» Work to be completed: Retype, word for word, every line from the one holding "wedding ceremony in" through the one holding "grassusa's tweet photo." in the entries below, both included, and only those lines.

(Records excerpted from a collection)
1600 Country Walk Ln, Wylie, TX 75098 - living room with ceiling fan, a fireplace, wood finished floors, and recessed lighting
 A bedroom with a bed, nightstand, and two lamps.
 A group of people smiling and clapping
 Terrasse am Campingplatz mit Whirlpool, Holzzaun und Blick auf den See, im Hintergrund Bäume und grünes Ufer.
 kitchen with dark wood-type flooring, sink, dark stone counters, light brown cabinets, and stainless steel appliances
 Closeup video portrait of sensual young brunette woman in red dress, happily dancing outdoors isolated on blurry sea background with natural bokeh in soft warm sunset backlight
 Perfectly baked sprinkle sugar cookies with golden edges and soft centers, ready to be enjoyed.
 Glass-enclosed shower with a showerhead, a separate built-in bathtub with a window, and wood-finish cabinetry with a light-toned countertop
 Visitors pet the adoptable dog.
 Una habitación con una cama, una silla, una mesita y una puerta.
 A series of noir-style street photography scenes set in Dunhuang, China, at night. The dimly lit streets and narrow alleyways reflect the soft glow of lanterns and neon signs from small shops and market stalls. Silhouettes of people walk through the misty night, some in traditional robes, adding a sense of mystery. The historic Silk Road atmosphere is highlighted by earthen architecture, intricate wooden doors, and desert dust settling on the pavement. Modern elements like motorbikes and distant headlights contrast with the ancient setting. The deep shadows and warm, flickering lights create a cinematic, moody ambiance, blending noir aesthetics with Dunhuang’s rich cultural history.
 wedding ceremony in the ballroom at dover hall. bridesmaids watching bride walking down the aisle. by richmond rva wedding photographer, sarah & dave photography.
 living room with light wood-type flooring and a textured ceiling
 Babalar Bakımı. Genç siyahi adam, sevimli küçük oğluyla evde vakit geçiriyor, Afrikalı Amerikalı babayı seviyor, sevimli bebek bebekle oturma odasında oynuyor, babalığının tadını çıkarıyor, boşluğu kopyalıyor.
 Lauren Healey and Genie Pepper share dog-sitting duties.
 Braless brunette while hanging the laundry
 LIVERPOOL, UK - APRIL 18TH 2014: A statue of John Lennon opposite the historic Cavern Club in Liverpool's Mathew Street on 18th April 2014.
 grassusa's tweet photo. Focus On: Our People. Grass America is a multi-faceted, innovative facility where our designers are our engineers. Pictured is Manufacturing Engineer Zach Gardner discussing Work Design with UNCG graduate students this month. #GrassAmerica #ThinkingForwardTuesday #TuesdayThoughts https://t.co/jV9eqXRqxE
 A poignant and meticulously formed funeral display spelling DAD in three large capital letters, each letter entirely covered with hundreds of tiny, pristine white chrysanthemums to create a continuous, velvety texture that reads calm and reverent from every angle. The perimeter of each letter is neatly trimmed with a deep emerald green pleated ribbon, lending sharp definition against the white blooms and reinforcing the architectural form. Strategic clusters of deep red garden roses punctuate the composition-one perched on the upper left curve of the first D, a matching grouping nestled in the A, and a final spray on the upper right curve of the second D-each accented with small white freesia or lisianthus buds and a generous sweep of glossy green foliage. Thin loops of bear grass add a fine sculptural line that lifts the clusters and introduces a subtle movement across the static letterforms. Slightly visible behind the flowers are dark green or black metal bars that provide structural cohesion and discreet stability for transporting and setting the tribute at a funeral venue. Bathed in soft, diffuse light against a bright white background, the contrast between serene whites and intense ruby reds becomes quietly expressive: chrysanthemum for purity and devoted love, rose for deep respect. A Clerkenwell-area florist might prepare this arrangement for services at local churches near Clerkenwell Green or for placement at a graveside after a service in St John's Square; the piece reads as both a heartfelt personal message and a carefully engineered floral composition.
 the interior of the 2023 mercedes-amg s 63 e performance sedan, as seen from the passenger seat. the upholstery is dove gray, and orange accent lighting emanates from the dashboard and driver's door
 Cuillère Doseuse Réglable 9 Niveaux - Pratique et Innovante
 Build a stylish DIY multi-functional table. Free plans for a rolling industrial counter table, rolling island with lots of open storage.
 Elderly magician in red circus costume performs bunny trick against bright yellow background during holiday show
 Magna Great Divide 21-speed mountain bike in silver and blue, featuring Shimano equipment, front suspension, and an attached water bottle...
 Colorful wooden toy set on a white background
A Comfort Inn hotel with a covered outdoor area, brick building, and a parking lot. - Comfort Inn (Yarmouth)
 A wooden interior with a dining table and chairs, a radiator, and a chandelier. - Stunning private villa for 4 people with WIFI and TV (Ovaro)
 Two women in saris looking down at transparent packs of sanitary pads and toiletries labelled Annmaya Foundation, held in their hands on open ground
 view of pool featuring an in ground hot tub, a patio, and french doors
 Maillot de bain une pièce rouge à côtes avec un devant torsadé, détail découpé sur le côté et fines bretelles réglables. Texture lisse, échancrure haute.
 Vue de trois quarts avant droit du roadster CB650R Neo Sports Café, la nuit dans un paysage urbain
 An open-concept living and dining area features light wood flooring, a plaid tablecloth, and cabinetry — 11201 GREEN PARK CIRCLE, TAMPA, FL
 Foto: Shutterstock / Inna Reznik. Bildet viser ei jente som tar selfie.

» Answer section:
 wedding ceremony in the ballroom at dover hall. bridesmaids watching bride walking down the aisle. by richmond rva wedding photographer, sarah & dave photography.
 living room with light wood-type flooring and a textured ceiling
 Babalar Bakımı. Genç siyahi adam, sevimli küçük oğluyla evde vakit geçiriyor, Afrikalı Amerikalı babayı seviyor, sevimli bebek bebekle oturma odasında oynuyor, babalığının tadını çıkarıyor, boşluğu kopyalıyor.
 Lauren Healey and Genie Pepper share dog-sitting duties.
 Braless brunette while hanging the laundry
 LIVERPOOL, UK - APRIL 18TH 2014: A statue of John Lennon opposite the historic Cavern Club in Liverpool's Mathew Street on 18th April 2014.
 grassusa's tweet photo. Focus On: Our People. Grass America is a multi-faceted, innovative facility where our designers are our engineers. Pictured is Manufacturing Engineer Zach Gardner discussing Work Design with UNCG graduate students this month. #GrassAmerica #ThinkingForwardTuesday #TuesdayThoughts https://t.co/jV9eqXRqxE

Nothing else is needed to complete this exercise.